Nicholas arrived at Angama Amboseli carrying forty-five years of experience in Kenya. Kilimanjaro in 1981, the Maasai Mara on ten different occasions, and this was his third visit to Amboseli. Essentially, this is not a guest arriving to be impressed, but someone who has long decided what he enjoys and expects.
We headed out on our first drive, and everyone announced their interests — Nicholas wanted to tick off the birds, Chris wanted to see the big cats, while Gill and Panda moved comfortably between both worlds. In miniature, this was the full spectrum of what a safari asks of a Guide: hold everyone’s interest without flattening it into something average.
A Guide has to be aware of and hold it all. They can never hurry the vehicle toward one guest’s passion at the expense of another’s; they have to let curiosity lead.
During this safari, we stopped often — sometimes for a subtle movement on a branch that only Nicholas had noticed. A blue-cheeked bee-eater. A Verreaux’s eagle-owl at dusk. Species I might once have driven past without a second thought. The big cat lovers leaned in. Enthusiasm, I discovered, is entirely contagious.
The moment I understood this most clearly arrived without warning. A red-billed oxpecker sat perched on a zebra nearby — the kind of sighting many guests would barely register.

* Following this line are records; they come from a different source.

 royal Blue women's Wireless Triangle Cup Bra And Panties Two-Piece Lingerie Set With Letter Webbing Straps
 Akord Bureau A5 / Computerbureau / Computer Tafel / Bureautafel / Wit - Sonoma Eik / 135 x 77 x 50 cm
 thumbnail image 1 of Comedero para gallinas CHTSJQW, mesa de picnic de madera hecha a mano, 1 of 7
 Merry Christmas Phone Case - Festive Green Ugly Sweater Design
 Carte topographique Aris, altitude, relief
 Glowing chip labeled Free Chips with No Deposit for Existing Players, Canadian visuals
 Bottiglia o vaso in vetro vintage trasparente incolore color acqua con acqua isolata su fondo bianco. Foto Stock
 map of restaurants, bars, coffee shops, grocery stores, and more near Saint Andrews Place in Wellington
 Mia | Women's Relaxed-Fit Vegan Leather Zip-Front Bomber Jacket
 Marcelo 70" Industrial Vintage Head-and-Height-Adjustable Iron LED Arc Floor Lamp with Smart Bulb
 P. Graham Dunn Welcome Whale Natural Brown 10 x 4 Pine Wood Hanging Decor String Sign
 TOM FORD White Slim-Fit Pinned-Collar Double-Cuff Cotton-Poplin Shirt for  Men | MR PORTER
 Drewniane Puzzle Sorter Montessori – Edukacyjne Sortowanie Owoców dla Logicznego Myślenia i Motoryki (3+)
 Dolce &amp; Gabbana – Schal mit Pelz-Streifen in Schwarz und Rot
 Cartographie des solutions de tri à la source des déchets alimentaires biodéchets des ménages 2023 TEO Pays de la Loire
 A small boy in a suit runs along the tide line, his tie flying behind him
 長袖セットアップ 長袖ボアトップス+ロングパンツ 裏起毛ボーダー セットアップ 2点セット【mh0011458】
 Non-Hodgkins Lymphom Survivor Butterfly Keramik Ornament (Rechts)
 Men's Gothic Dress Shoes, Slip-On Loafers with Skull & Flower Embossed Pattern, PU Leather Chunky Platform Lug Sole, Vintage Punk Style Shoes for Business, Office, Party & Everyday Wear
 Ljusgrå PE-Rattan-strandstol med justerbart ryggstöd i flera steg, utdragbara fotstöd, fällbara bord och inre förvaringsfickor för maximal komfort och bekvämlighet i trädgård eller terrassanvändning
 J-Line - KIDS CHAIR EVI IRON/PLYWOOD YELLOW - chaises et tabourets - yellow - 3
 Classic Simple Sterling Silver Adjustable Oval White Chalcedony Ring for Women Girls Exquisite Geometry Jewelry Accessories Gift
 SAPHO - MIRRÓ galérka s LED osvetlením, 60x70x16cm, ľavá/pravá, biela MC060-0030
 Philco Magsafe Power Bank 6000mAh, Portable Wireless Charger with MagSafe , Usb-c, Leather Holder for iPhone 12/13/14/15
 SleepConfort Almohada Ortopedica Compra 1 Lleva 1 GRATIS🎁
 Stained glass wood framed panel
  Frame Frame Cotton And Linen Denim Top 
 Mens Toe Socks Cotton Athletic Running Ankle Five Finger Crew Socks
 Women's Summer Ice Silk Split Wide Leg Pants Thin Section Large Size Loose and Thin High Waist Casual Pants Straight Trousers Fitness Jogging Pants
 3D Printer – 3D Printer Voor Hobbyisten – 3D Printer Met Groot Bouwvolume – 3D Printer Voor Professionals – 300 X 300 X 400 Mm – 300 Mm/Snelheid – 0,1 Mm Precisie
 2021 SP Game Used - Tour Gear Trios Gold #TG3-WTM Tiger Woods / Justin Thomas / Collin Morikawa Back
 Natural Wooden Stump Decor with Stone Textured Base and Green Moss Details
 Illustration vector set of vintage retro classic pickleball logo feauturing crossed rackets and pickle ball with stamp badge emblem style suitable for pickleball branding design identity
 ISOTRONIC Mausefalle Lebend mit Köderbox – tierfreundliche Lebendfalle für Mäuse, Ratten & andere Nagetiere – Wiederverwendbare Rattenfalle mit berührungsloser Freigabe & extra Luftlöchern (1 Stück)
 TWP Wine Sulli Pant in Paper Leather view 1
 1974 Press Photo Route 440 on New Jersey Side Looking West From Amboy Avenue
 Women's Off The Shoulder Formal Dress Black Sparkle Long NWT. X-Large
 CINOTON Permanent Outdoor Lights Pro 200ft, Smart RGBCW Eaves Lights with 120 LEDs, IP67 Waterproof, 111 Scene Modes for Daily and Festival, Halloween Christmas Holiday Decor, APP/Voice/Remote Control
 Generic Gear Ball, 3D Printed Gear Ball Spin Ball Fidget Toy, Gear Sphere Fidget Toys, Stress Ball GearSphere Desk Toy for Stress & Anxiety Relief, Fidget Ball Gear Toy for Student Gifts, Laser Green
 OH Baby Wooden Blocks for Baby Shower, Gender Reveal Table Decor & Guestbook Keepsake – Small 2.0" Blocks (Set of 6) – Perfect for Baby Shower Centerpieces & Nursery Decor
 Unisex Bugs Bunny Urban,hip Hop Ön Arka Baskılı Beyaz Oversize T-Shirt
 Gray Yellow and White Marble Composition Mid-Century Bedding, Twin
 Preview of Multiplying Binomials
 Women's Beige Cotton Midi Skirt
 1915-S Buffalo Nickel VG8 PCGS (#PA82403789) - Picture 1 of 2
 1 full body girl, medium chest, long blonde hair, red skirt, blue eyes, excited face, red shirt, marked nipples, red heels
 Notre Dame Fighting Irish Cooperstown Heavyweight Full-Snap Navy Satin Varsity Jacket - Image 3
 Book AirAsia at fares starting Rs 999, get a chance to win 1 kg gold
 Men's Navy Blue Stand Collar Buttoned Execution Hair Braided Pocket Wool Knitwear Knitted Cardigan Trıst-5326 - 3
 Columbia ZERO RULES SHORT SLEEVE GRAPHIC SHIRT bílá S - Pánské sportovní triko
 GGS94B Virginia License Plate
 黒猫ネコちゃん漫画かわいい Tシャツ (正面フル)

Nicholas immediately brought everyone’s attention to it. But before he’d finished his sentence, the Guide had noticed something else. The zebra wasn’t grazing; it stood rigid, staring in one direction with the particular stillness that means something is close.
We scanned. And there she was — Motonyi, a cheetah mother, low in the grass, her two cubs tucked close. A bird had led us to her. In that moment, the distinction between the birders and the cat lovers dissolved entirely. Everyone was watching the same thing.
Over three days, Nicholas counted 134 birds and 32 animals. Those numbers are a language he has been speaking for decades — not a list, but a record of attention.
On the final morning, with Kilimanjaro rising above the fever trees, he pointed toward the summit. The giraffe and elephant we’d photographed against it were beautiful. But Nicholas looked at the images and said something quiet and true: there was barely any snow left. In 1981, climbing to Uhuru in a blizzard, he hadn’t been able to see Kimana below. Now he could see everything — because the mountain has been slowly letting go.
A great Guide does not choose between interests; rather, they weave them together.